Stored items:
━━━━━━━━━━

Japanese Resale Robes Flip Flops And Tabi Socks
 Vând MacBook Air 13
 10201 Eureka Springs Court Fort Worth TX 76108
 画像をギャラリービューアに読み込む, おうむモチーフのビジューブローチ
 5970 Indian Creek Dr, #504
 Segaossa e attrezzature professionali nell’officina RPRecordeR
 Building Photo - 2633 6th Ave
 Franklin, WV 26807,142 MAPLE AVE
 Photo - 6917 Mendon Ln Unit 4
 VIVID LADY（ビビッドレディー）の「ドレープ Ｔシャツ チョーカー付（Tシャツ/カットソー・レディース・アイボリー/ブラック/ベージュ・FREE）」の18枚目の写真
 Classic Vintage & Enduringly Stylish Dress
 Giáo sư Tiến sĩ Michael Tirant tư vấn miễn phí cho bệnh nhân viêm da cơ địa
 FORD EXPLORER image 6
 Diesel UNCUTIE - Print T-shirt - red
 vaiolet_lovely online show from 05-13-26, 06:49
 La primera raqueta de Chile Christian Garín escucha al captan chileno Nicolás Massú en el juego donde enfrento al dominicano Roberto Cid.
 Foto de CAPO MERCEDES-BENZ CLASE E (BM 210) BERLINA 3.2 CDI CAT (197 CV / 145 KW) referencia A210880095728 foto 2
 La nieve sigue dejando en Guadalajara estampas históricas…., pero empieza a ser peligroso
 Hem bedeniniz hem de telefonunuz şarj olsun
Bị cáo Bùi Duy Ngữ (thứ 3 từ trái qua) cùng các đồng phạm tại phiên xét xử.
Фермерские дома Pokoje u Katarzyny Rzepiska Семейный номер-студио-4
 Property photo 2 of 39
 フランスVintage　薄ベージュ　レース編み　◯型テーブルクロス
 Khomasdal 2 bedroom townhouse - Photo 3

━━━━━━━━━━

Exercise description
Above are records; repeat only the lines starting at the line with "Classic Vintage & Enduringly Stylish Dress" and ending at the line with "vaiolet_lovely online show", exactly as they appear, both included.

Exercise response
 Classic Vintage & Enduringly Stylish Dress
 Giáo sư Tiến sĩ Michael Tirant tư vấn miễn phí cho bệnh nhân viêm da cơ địa
 FORD EXPLORER image 6
 Diesel UNCUTIE - Print T-shirt - red
 vaiolet_lovely online show from 05-13-26, 06:49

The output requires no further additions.